Task to carry out: Across all the records, filter for lines with the word "Green" and copy them.

# # # # # # #

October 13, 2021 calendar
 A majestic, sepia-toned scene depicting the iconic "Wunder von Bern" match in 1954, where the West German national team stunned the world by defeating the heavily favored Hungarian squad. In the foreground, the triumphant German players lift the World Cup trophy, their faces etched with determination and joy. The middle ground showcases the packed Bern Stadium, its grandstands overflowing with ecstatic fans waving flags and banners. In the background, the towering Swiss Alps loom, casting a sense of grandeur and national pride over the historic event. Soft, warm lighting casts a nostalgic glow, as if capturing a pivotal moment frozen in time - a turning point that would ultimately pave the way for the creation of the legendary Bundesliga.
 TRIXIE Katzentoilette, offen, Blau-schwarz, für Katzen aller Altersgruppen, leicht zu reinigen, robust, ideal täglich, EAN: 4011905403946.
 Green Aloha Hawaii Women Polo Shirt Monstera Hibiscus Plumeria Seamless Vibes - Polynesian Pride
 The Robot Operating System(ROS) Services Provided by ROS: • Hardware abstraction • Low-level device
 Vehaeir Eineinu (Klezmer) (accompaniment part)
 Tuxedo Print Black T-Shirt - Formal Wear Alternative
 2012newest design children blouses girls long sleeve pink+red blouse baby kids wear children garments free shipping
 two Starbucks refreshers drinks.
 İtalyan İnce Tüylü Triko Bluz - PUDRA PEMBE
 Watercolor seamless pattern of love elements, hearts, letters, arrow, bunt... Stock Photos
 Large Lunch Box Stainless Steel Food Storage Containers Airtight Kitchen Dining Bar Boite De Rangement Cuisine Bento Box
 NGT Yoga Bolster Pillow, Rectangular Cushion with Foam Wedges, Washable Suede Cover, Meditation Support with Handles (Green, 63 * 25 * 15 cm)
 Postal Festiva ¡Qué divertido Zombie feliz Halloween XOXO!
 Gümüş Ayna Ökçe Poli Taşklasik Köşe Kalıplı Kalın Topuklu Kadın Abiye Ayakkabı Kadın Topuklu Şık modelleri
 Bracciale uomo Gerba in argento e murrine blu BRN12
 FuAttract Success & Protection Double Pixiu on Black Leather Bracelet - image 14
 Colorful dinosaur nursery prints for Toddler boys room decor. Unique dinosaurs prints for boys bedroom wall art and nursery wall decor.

# # # # # # #

Answer for the task:
 Green Aloha Hawaii Women Polo Shirt Monstera Hibiscus Plumeria Seamless Vibes - Polynesian Pride
 NGT Yoga Bolster Pillow, Rectangular Cushion with Foam Wedges, Washable Suede Cover, Meditation Support with Handles (Green, 63 * 25 * 15 cm)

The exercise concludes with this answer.